Creo que el poder y la bondad de mi Dios podrán obtener lo que mis
pobres fuerzas no han logrado. Dios puede mejorar radicalmente mi
personalidad. ¿Cuántas veces pondré en manos de Dios mis concupiscencias
y malas inclinaciones para que El las cure y las calme? ¿Cuántas veces
cada día?
San Felipe de Jesús, mártir (1572 –
1597).
Felipe nació en la ciudad de México
el año 1572, hijo de honrados inmigrantes españoles. En su niñez se
caracterizó por su índole inquieta y traviesa. Se cuenta que su aya, una
buena negra cristiana, al comprobar las diarias travesuras de Felipillo,
solía exclamar, con la mirada fija en una higuera seca que, en el fondo
del jardín, levantaba a las nubes sus áridas ramas: "Antes la higuera
seca reverdecerá, que Felipe llegue a ser santo" El chico no tenía
madera de santo.
Pero un buen día entró en el
noviciado de los franciscanos dieguinos; más no pudiendo resistir la
austeridad, otro buen día se escapó del convento.
Regresó a la casa paterna y ejerció
durante algunos años el oficio de platero, si bien con escasas
ganancias; por lo que su padre, Alonso de las Casas, lo envió a las
islas Filipinas a probar fortuna. Felipe contaba ya para entonces 18
años. Se estableció en el emporio de artes, riquezas y placeres que era
en esos tiempos la ciudad de Manila.
Nuestro joven gozó por un tiempo de
los deslumbrantes atractivos de aquella ciudad, pero pronto se sintió
angustiado: el vacío de Dios se dejó sentir muy hondo, hasta las últimas
fibras de su ser; en medio de aquel doloroso vacío, volvió a oír la
tenue llamada de Cristo: "Si quieres venir en pos de Mí, renuncia a ti
mismo, toma tu cruz y sígueme" (Mt. 16, 24).
Y Felipe volvió a tomar la cruz:
entró con los franciscanos de Manila y ahora sí tomó muy en serio su
conversión... oró mucho, estudió, cuidó amorosamente a los enfermos y
necesitados, y un buen día le anunciaron que ya podía ordenarse
sacerdote, y que, por gracia especial, esa ordenación tendría lugar
precisamente en su ciudad natal, en México.
Se embarcó juntamente con Fray Juan
Pobre y otros franciscanos rumbo a la Nueva España; pero una gran
tempestad arrojó el navío a las costas de Japón, entonces evangelizado,
entre otros, por Fray Pedro Bautista y algunos Hermanos de la provincia
franciscana de Filipinas. Felipe se sintió dichoso: ahora podría ahondar
más en su conversión esforzándose por convertir a muchos japoneses.
Las conversiones en Japón
aumentaban día a día; pero entonces estalló la persecución de Taicosama
contra los franciscanos y sus catequistas.
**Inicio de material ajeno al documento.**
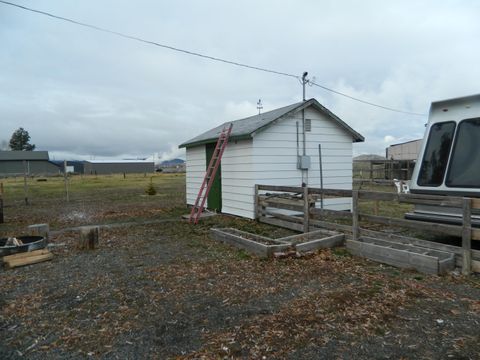 Tiny photo for 1267 Joe Wright Road, Klamath Falls, OR 97603 (MLS # 220212679)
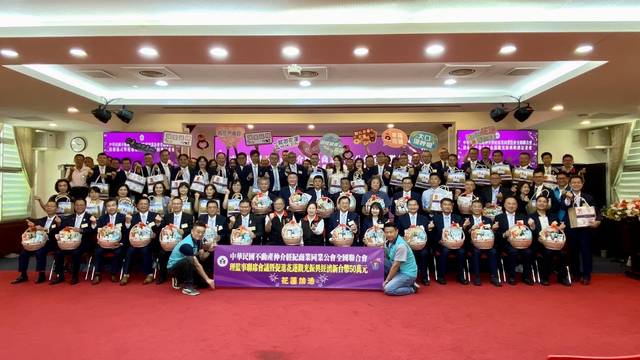 1370286_80099bc6a2498611a8c941891c3784c3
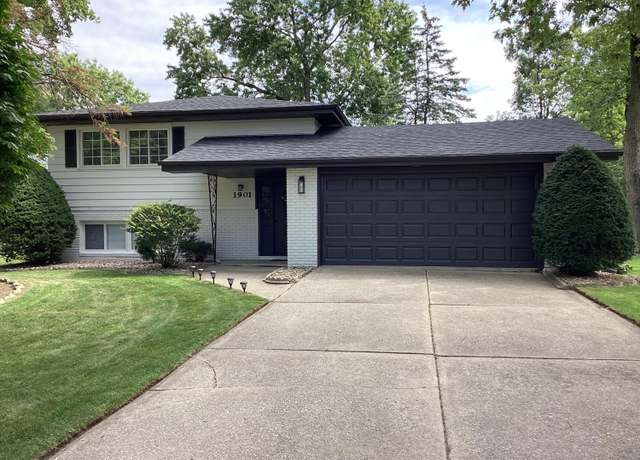 Property at 1901 Chippewa Dr, Schererville, IN 46375, 5 beds, 2 baths
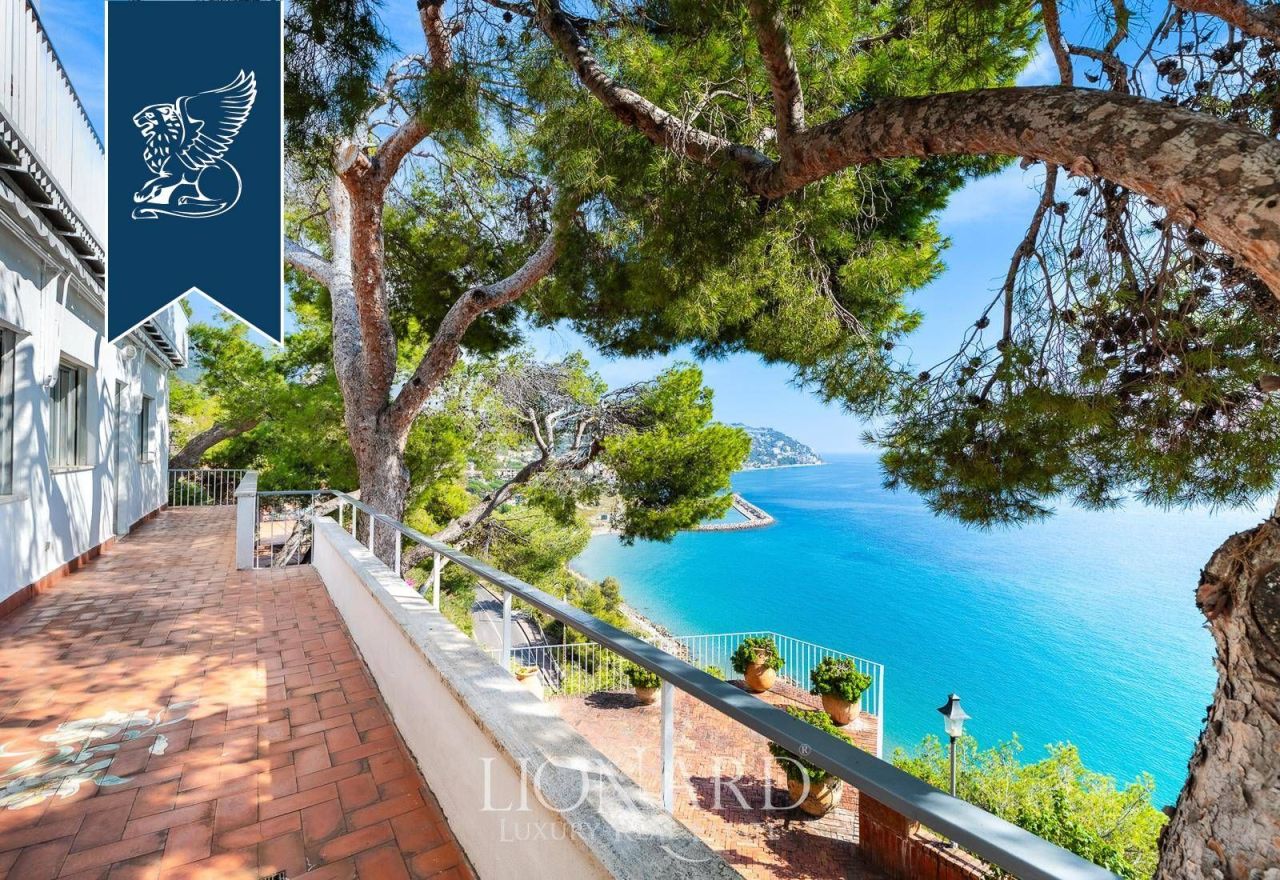 Вилла в Бордигере, Италия, 750 м² - фото 12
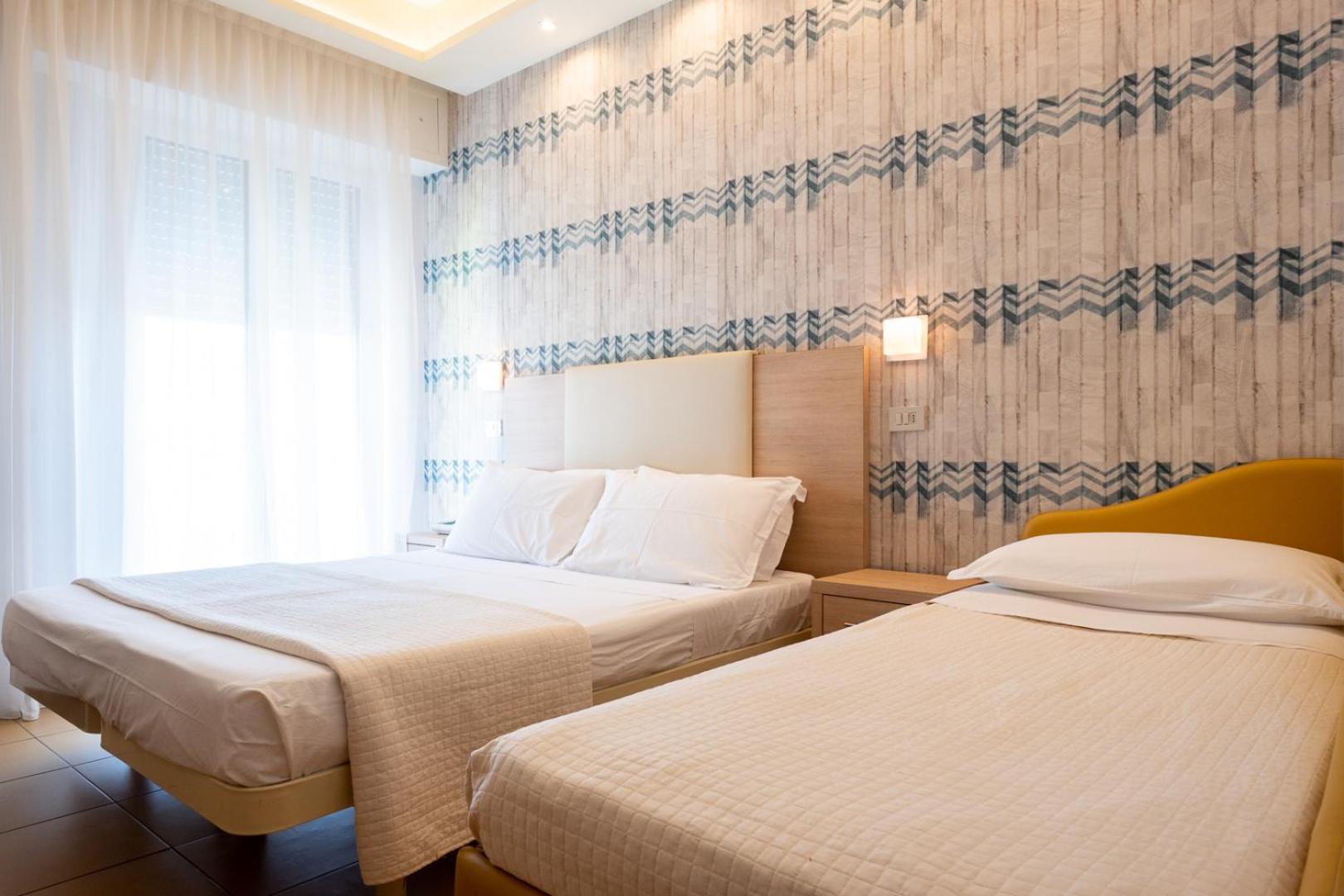 Triple Room with Sea View - Photo 1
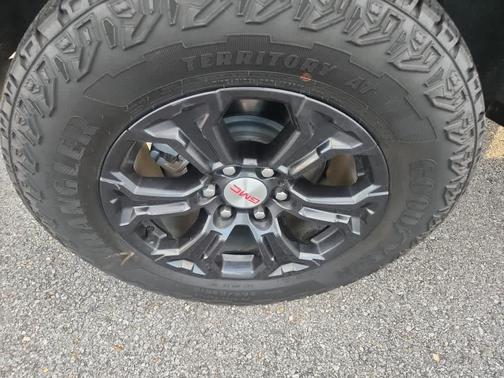 2023 GMC Canyon Elevation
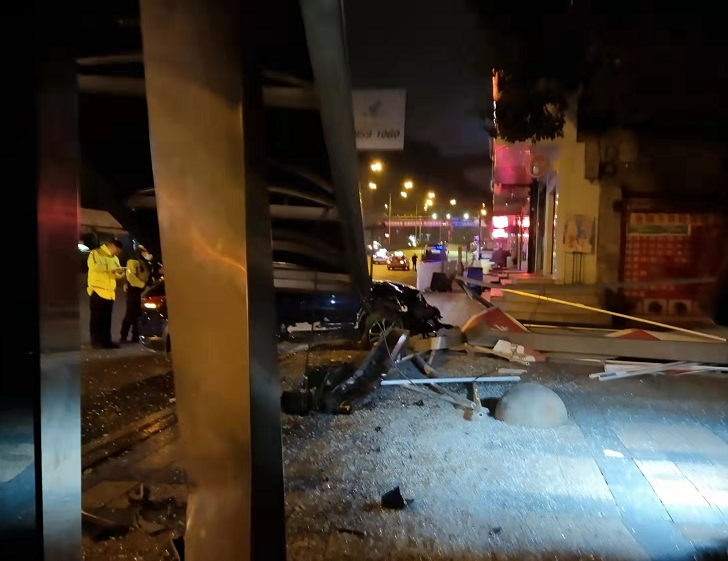 贵阳一越野车冲向公交站,一女子不幸被撞身亡!警方通报休闲区蓝鸢梦想 - Www.slyday.coM 贵阳一越野车冲向公交站,一女子不幸被撞身亡!警方通报休闲区蓝鸢梦想 - Www.slyday.coM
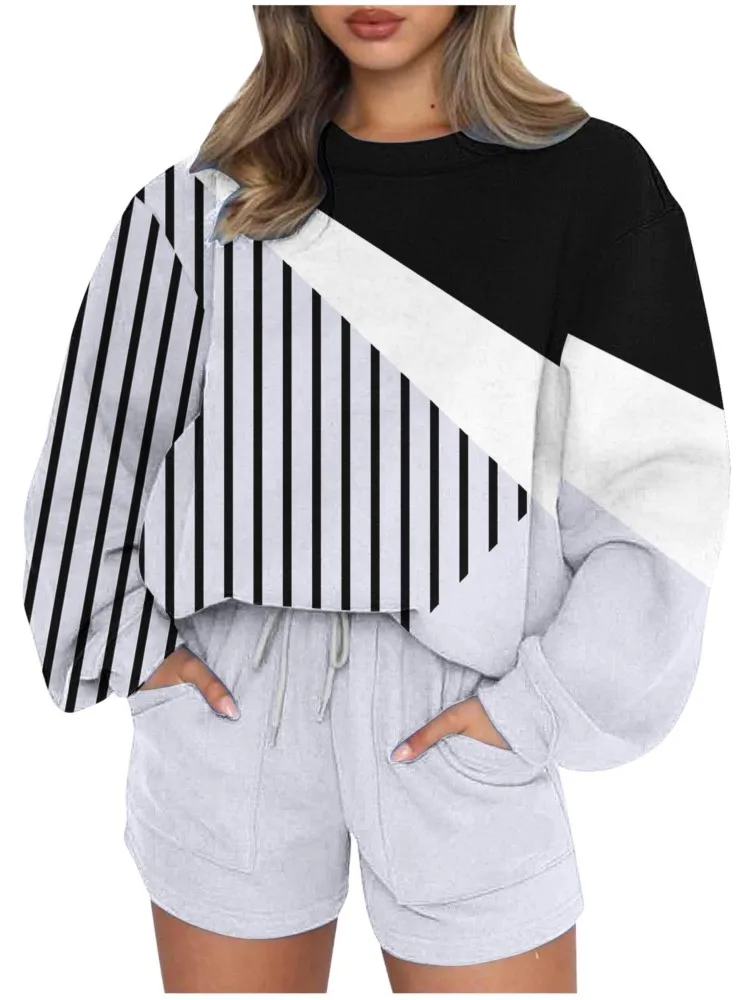 Casual Loose Two Piece Set Women Autumn Winter Print Striped O-neck Streetwear Short Pant Holiday Sets Fashion Female New Suit
Casual Loose Two Piece Set Women Autumn Winter Print Striped O-neck Streetwear Short Pant Holiday Sets Fashion Female New Suit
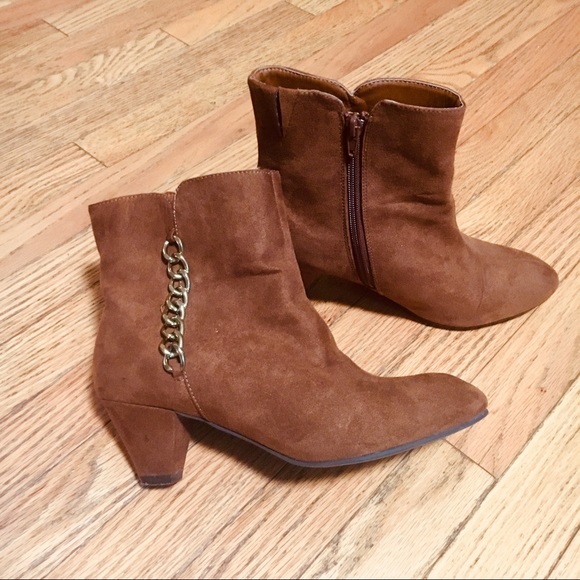 Like new 9M booties - Picture 4 of 11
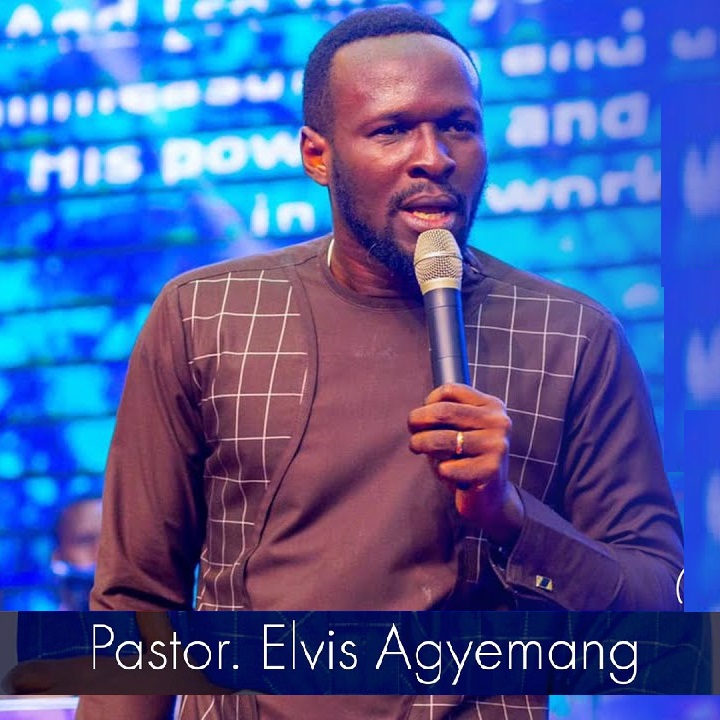 Pastor Elvis Agyemang - Powerful Worship Medley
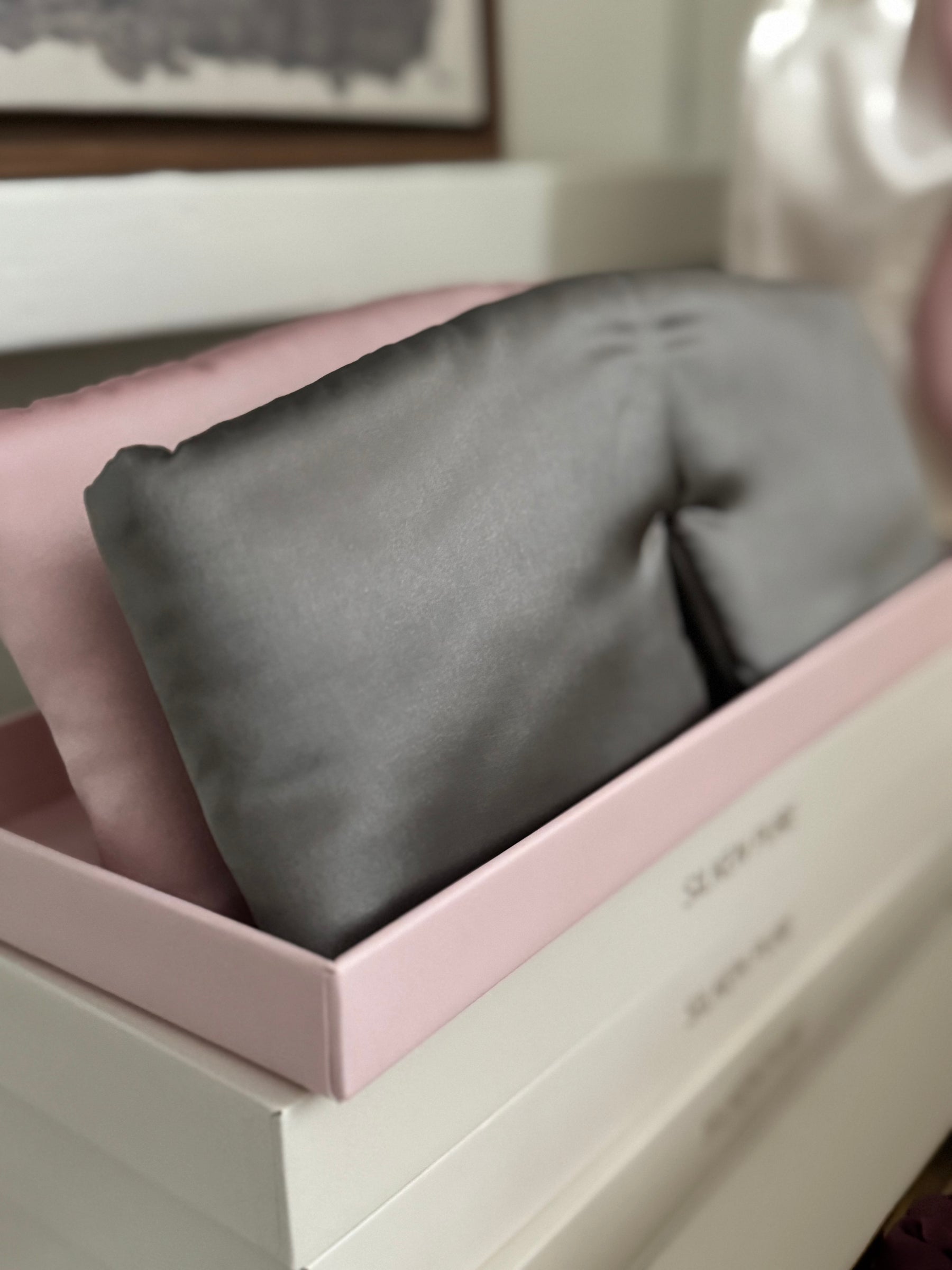 Luxe Padded Adjustable Eye Mask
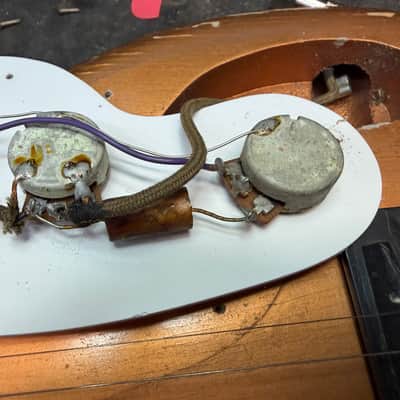 Harmony H44 Stratotone 1952 - 1957 - Copper image 18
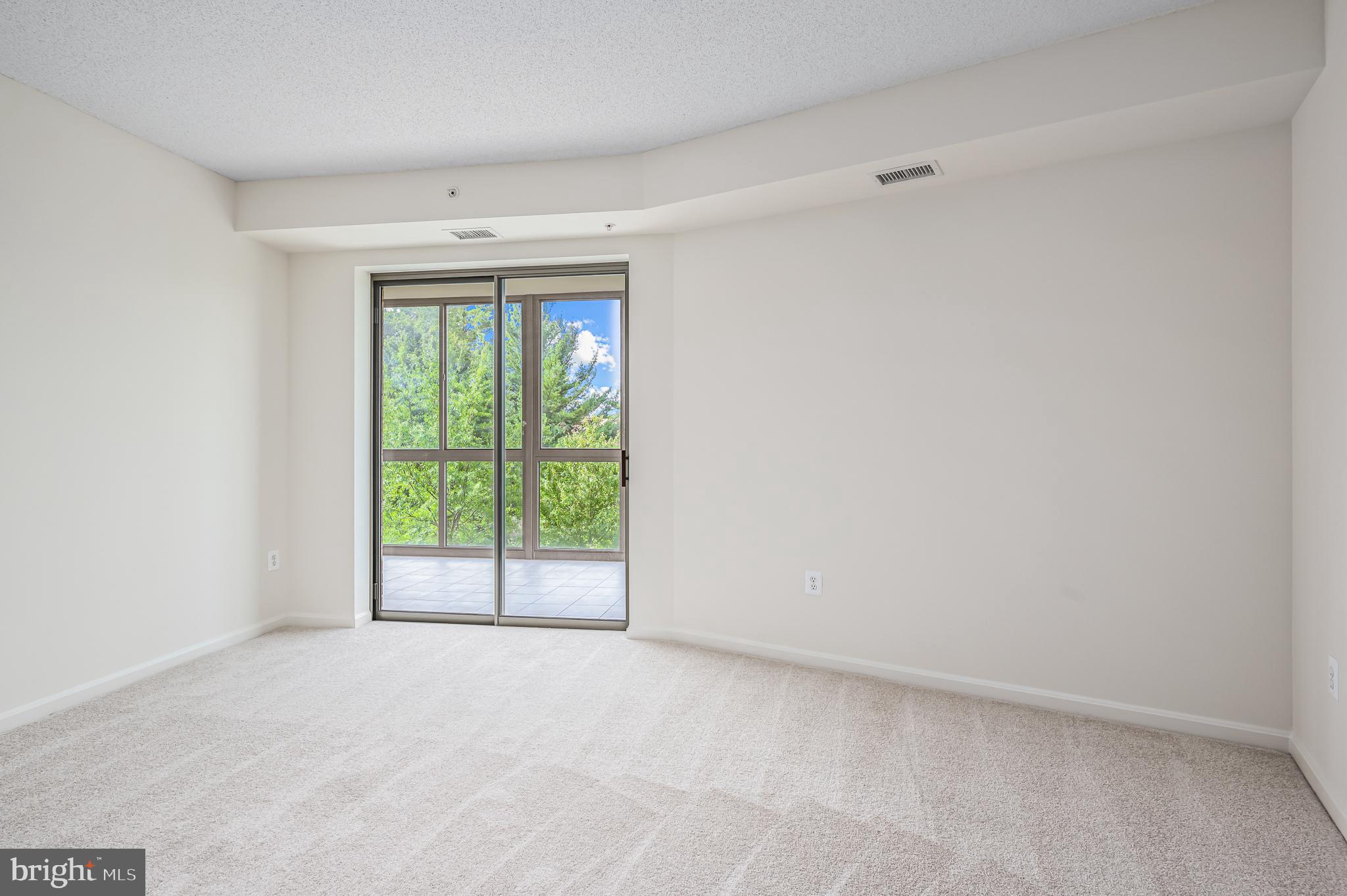 LANSDOWNE WOODS - Residential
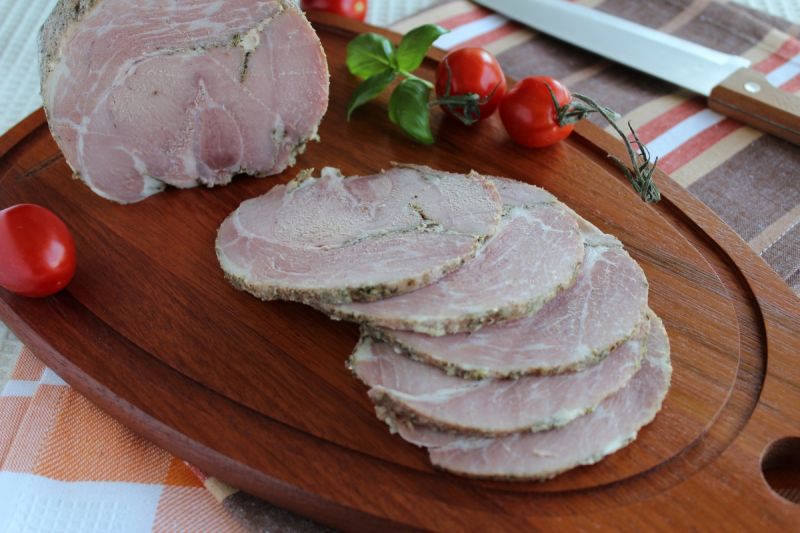 Szynka wieprzowa z szynkowaru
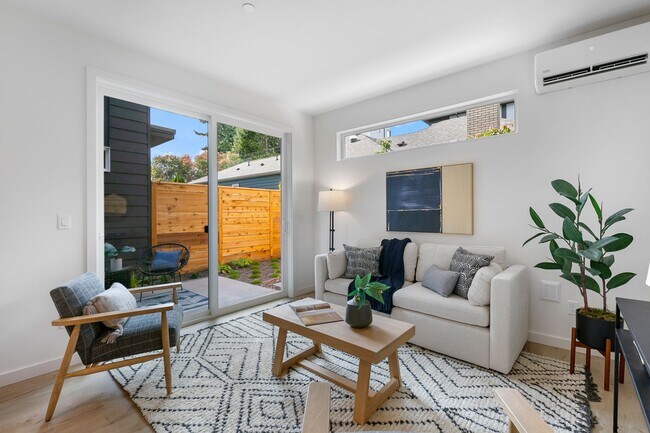 Building Photo - New Luxury Townhome in Seattle 3bed/2bath ...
Nuestro Felipe, por su calidad de
náufrago hubiera podido evitar honrosamente la prisión y los tormentos,
como habían hecho Fray Juan Pobre y otros compañeros de naufragio. Pero
Felipe rechazó esa manera fácil de rehuir su actividad. Quería
convertirse siempre más a fondo, hasta abrazarse del todo con la cruz de
Cristo. Siguió, pues, hasta el último suplicio a San Pedro Bautista y
demás misioneros franciscanos que desde hacía años evangelizaban el
Japón.
Felipe, juntamente con ellos, fue
llevado en procesión por algunas de las principales ciudades para que se
burlaran de él. Sufrió pacientemente que le cortaran, como a todos los
demás, una oreja, y, finalmente en Nagasaki, en compañía de otros 21
franciscanos, cinco de la Primera Orden y quince de la Tercera Orden,
además de tres jóvenes jesuitas, se abrazó a la cruz de la cual fue
colgado, suspendido mediante una argolla y atravesado por dos lanzas.
Felipe fue el primero en morir en medio de todos aquellos gloriosos
mártires. Sus últimas palabras fueron: "Jesús, Jesús, Jesús".
Felipe se había convertido plena y
totalmente a Cristo. Era el 5 de febrero de 1597. Cuenta la leyenda que
ese mismo día la higuera seca de la casa paterna reverdeció de pronto y
dio fruto. Felipe fue beatificado, juntamente con sus compañeros de
cruento martirio, el 14 de septiembre de 1627, y canonizado el 8 de
junio de 1862.
Felipe, el joven que supo
convertirse hasta dar la vida por Cristo, ha sido declarado patrono de
la Ciudad de México y de su arzobispado.